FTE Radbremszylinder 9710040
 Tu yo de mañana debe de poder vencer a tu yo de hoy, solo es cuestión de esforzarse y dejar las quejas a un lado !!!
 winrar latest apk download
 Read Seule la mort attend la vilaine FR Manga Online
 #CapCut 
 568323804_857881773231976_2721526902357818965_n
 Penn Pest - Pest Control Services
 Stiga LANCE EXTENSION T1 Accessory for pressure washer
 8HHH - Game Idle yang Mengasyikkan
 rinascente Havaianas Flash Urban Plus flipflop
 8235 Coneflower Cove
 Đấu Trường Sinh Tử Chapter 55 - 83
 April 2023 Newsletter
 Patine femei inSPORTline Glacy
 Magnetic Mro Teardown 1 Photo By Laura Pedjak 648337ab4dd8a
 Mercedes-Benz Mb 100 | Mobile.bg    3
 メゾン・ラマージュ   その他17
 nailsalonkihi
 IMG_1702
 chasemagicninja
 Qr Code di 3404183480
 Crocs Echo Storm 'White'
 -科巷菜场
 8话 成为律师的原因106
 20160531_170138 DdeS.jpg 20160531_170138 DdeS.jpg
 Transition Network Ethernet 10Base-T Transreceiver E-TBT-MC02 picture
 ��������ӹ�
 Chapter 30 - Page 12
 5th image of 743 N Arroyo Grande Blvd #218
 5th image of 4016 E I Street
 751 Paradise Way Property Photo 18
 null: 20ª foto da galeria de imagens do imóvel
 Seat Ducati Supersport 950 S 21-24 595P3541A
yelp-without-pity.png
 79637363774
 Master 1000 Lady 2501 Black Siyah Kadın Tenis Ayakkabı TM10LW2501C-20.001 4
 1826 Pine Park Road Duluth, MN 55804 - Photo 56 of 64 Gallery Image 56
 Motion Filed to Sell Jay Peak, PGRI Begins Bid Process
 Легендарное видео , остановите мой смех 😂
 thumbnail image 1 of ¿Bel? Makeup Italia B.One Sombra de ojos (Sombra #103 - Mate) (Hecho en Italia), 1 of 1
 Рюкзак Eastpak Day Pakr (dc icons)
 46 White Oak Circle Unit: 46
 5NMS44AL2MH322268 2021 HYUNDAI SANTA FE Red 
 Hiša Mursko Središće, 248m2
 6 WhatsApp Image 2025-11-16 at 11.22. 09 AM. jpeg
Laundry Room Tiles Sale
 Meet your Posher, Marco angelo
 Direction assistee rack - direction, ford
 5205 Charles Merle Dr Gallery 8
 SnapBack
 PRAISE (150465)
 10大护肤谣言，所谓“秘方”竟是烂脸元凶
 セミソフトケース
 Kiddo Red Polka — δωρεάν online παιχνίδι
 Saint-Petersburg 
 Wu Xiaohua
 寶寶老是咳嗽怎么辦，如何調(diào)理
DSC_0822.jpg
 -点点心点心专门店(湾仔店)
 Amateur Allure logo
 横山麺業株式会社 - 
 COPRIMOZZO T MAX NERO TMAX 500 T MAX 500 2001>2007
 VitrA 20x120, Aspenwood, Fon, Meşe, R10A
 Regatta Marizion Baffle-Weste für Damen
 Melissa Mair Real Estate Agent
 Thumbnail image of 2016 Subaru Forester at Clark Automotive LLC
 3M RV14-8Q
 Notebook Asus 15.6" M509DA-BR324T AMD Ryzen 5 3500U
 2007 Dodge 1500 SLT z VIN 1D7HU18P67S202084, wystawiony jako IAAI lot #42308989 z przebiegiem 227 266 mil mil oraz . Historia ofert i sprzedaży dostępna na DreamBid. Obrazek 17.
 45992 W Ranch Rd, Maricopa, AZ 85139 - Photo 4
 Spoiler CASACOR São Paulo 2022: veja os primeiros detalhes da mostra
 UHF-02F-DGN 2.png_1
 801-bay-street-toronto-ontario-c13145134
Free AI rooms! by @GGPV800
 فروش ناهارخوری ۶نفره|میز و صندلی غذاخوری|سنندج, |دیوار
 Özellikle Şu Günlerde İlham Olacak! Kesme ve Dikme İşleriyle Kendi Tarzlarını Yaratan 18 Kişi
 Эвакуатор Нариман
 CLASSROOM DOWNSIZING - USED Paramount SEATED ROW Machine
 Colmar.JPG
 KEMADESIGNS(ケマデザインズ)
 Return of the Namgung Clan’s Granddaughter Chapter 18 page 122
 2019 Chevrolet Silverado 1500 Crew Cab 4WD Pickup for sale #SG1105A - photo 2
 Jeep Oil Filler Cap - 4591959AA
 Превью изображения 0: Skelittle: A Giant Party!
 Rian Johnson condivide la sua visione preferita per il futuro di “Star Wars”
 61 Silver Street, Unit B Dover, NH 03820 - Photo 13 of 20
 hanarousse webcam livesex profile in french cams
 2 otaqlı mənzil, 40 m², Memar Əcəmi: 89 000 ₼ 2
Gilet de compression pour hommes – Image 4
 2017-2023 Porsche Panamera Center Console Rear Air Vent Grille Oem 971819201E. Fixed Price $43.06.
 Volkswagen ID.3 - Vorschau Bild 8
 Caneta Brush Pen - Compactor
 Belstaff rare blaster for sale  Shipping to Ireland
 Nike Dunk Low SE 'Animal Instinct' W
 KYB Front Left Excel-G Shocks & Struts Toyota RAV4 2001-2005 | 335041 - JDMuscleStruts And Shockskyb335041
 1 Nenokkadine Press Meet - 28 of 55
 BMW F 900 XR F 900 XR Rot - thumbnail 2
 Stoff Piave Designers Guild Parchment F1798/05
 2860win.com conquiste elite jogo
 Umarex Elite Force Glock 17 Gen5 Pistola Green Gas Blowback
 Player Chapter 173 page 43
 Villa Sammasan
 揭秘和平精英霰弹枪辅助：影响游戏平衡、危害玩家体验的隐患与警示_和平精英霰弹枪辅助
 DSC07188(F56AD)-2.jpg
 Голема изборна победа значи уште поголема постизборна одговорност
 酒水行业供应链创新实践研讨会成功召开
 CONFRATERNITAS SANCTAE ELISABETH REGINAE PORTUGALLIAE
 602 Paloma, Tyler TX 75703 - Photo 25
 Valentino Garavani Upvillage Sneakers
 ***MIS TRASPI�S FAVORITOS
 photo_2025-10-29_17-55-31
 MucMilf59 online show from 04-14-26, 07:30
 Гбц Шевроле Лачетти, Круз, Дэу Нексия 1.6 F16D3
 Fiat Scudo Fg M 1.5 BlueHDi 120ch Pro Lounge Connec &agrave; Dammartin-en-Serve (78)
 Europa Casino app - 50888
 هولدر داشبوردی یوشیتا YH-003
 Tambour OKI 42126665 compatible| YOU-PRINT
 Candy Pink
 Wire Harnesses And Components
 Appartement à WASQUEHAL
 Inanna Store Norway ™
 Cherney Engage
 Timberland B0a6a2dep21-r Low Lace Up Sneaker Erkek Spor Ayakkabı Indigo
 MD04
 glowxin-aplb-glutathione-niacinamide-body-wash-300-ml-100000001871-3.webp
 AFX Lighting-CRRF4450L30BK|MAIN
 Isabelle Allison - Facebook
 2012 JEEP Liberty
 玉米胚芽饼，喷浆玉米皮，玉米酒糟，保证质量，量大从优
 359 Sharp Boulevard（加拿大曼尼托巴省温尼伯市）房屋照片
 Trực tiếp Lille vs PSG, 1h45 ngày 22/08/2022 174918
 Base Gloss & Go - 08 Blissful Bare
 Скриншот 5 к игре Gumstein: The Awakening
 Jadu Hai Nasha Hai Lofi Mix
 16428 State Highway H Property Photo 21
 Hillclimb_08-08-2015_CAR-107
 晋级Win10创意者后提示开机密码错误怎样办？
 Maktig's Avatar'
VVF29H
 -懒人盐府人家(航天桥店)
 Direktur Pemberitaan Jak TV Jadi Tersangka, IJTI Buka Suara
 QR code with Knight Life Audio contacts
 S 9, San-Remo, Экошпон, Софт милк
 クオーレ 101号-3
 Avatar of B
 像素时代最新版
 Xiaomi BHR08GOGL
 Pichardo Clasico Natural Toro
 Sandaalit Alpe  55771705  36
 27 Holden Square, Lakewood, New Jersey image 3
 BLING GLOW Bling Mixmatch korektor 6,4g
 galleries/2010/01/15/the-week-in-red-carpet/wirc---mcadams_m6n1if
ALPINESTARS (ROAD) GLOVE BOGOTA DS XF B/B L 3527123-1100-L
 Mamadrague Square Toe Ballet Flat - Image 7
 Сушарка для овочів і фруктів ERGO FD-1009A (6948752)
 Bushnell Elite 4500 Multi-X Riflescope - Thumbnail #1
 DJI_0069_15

+++++

▶ [What you should do] Here the output must be the lines above from the line with "VitrA 20x120, Aspenwood, Fon, Meşe, R10A" to the line with "فروش ناهارخوری ۶نفره|میز", both included, duplicated word for word and nothing else.

▶ [Reply]
 VitrA 20x120, Aspenwood, Fon, Meşe, R10A
 Regatta Marizion Baffle-Weste für Damen
 Melissa Mair Real Estate Agent
 Thumbnail image of 2016 Subaru Forester at Clark Automotive LLC
 3M RV14-8Q
 Notebook Asus 15.6" M509DA-BR324T AMD Ryzen 5 3500U
 2007 Dodge 1500 SLT z VIN 1D7HU18P67S202084, wystawiony jako IAAI lot #42308989 z przebiegiem 227 266 mil mil oraz . Historia ofert i sprzedaży dostępna na DreamBid. Obrazek 17.
 45992 W Ranch Rd, Maricopa, AZ 85139 - Photo 4
 Spoiler CASACOR São Paulo 2022: veja os primeiros detalhes da mostra
 UHF-02F-DGN 2.png_1
 801-bay-street-toronto-ontario-c13145134
Free AI rooms! by @GGPV800
 فروش ناهارخوری ۶نفره|میز و صندلی غذاخوری|سنندج, |دیوار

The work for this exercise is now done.